Word X: Wrong colour for selected text
Posted by Pierre Igot in: MacintoshMarch 23rd, 2004 • 12:44 am
Mac OS X users are supposed to be able to define their preferred colour for highlighted/selected text as a system-wide setting, in System Preferences, under “Appearance”.
This colour is supposed to be used everywhere, by all applications, for highlighting text. Leave to Word X to only comply with this requirement some of the time:
What’s going on here? Well, some of the text in this Word document is highlighted using Word’s built-in highlighting tool — which has nothing to do with selecting text, of course. It’s the word processor’s equivalent of using a yellow pen to highlight certain words or phrases in a printed text that you’re reading.
Obviously, Microsoft’s engineers thought that, since the text was highlighted in a different colour, when the user is actually selecting the text, the highlighting colour for the yellow text should be something other than the default highlighting colour for selected text (in my case, dark orange).
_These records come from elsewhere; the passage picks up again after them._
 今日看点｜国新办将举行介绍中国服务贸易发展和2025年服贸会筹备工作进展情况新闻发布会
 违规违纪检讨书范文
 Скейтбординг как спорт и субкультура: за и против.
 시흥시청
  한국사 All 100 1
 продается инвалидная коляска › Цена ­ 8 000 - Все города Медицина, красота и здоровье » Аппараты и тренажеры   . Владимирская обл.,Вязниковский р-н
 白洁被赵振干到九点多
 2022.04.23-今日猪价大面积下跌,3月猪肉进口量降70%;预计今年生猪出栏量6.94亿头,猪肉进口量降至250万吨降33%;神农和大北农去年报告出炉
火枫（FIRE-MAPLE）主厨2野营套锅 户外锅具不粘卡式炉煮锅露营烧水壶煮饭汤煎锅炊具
So the text that’s already highlighted in yellow in the Word document is highlighted in blue when it is selected.
The trouble is that, obviously, this special behaviour screws up the highlighting for the rest of the line that contains the yellow text. Instead of being highlighted in the normal default colour (dark orange), it’s highlighted in… black. But on the next line the highlighting colour is back to the default dark orange.
So obviously this is a bug in Word, whose mechanism for highlighting selected text fails to use the default colour defined in System Preferences, and uses black instead. And it’s not just a cosmetic issue. If the user is not aware of this bug, he’s likely to be quite confused by the variation in colour! It’s not so bad if the text is highlighted in yellow, as in the example above, but try it with another one of the default colours available in Word’s highlighting tool:
It’s starting to get quite confusing visually, isn’t it? Fundamentally, it’s just another example of sloppy programming. No, it’s not a fundamental issue, but it’s one that clearly contributes to the feeling of unease when using Word as a Mac user. it just doesn’t have the level of care for details that other software has.
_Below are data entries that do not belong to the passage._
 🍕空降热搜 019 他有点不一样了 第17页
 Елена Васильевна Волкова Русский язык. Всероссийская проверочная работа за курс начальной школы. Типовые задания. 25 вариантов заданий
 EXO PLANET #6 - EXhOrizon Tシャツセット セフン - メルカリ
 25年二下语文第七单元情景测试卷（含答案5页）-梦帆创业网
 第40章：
March 23rd, 2004 at Mar 23, 04 | 3:59 am
Don’t let Apple off the hook on this one. ITunes doesn’t respect the user’s highlight color, and Safari only half-respects it (it’s right in the bookmark editing screen but not the bookmark sidebar). If Apple can’t get it right in their own flagship apps, surely Microsoft can’t be expected to either ;)
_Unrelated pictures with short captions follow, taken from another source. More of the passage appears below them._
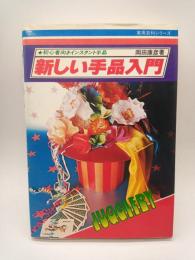 新しい手品入門　初心者向きインスタント手品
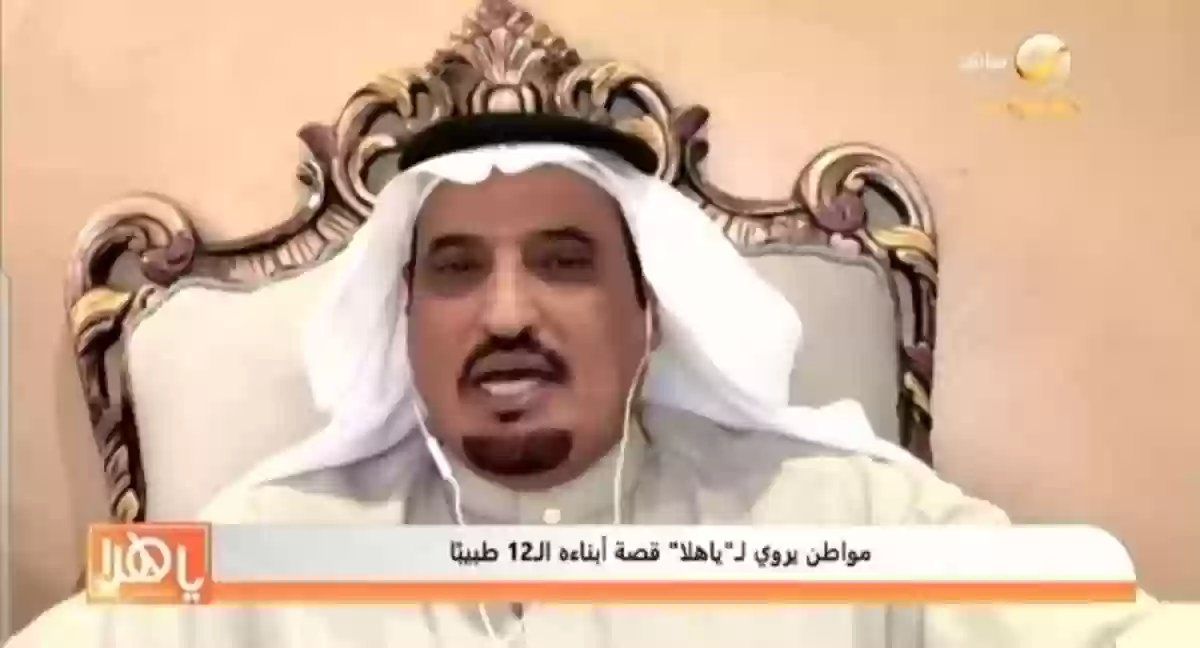 سعودي يقدم نصائح ذهبية بعد أن احتل أبناؤه الـ 12 المجال الطبي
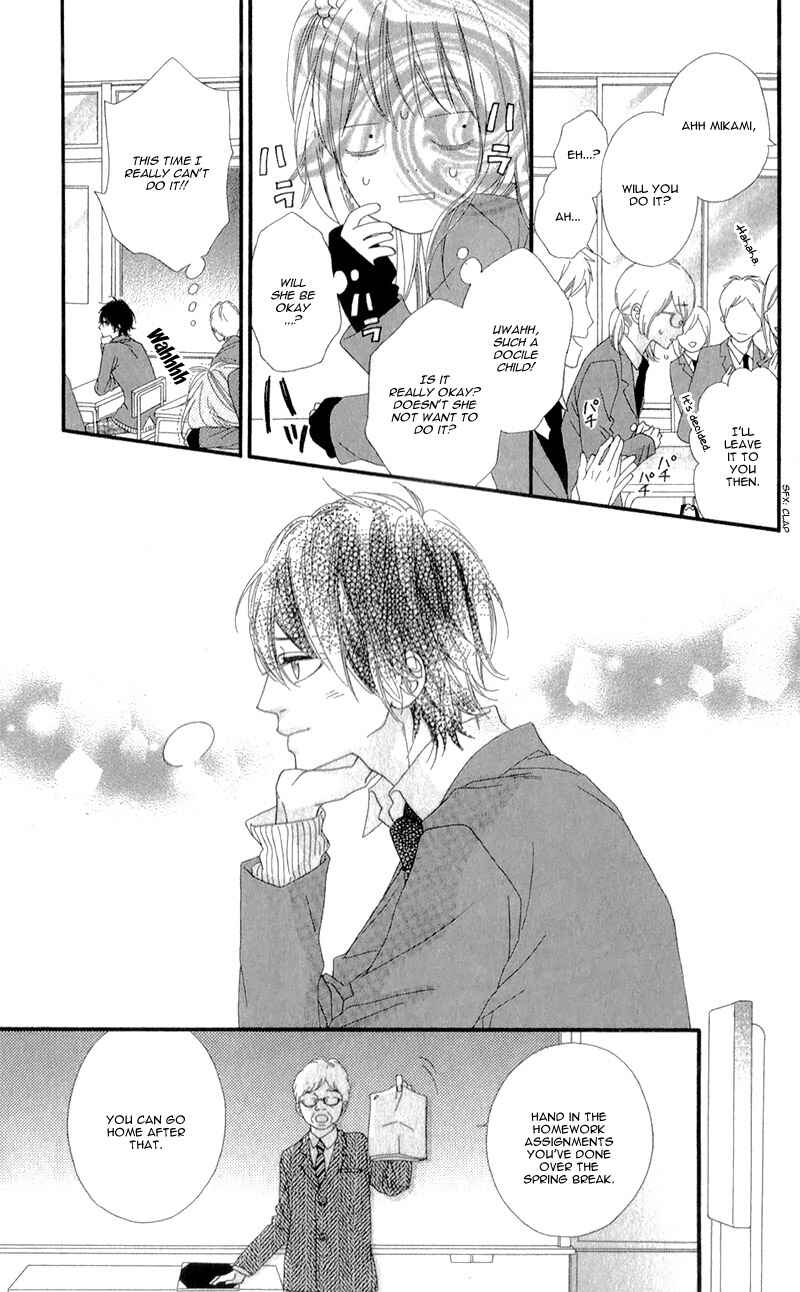 Page 13 Chapter 2 Mune ga Naru no wa  Kimi no Sei
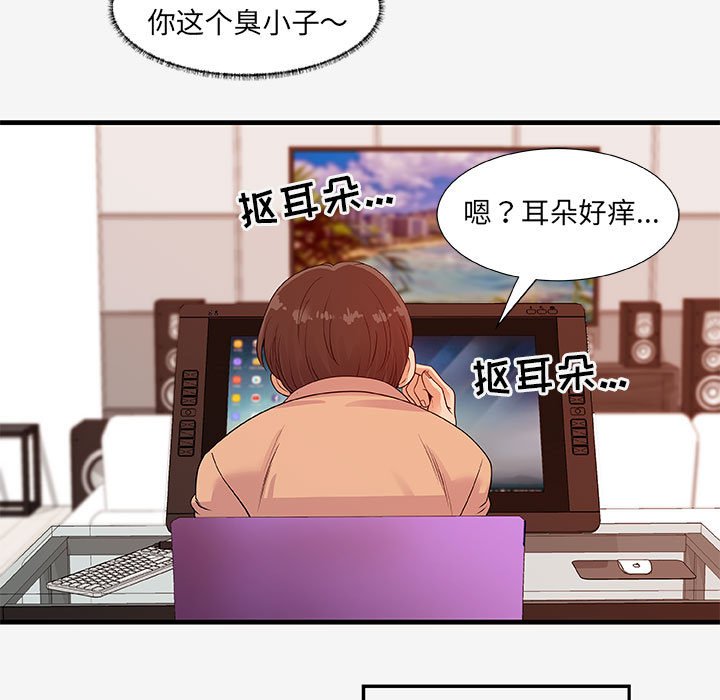[Manhwa] Friends above, lovers are not full Love, mature woman, big breasts#[103P]-47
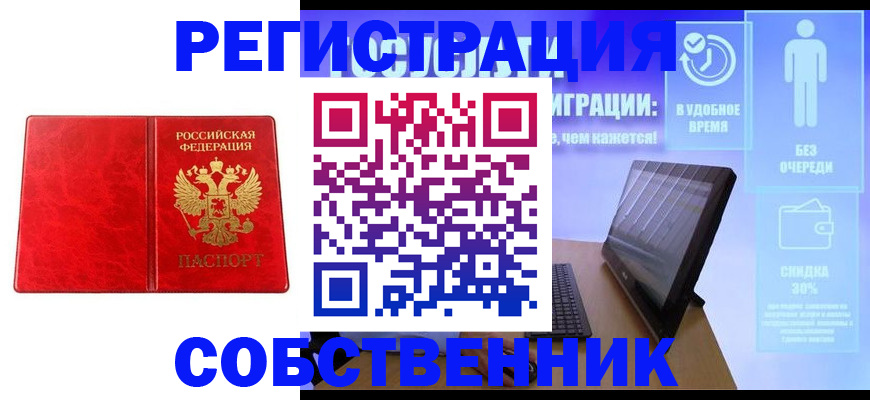 регистрация для дет. сада в Нефтекамске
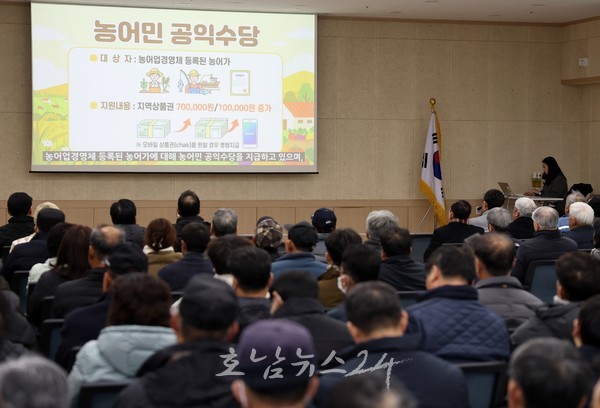  올해 강진군 농림축수산분야 큰 폭으로 지원합니다..역대 최대 예산 1615억 투입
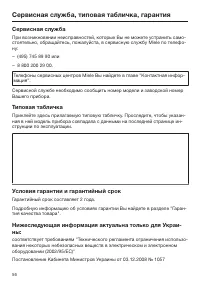 Страница 56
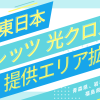 NTT東日本「フレッツ　光クロス」のサービス提供エリアが拡大【青森県、岩手県、山形県、福島県、神奈川県】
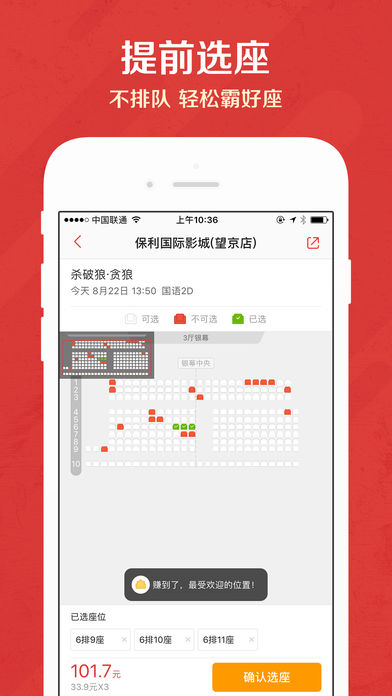 猫眼专业版截图6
March 23rd, 2004 at Mar 23, 04 | 4:10 am
Well, with respect to the sidebar, it could be argued that Apple is at least being consistently inconsistent :). The “colour” used both in the Safari bookmark sidebar and in the sidebar in Finder windows is actually a gradient, and seems to be reserved for that particular purpose (selection of a sidebar item). It’s also used in the iTunes sidebar. Maybe this one will actually evolve into an Apple Interface guideline :).
No excuse for selection in the main iTunes window area, though. And I really don’t like the fact that mailbox selection in the mailbox drawer in Mail always looks like it’s in the background (neutral grey colour).
But I guess Microsoft still deserves to be singled out due to the extreme sloppiness of the result from a visual stand point. At least Apple’s faults are not as glaring :).
March 27th, 2004 at Mar 27, 04 | 10:19 pm
Out of curiosity, what should Word do if the text you’re highlighting was originally black on orange (i.e. the same thing as the default highlight colour)?
March 27th, 2004 at Mar 27, 04 | 11:55 pm
It should do what used to be done in the good old days of black and white Macs, i.e. inverse the colours (highlight in black with text in orange). The key thing is here is that the black colour used by Word for highlighting is clearly a left-over from these good old days that Microsoft hasn’t bothered to fix. Managing highlighting colours is clearly a bit more challenging in a multicoloured world than it is in a black and white world, but that doesn’t mean that developers are not supposed to try and meet the challenge.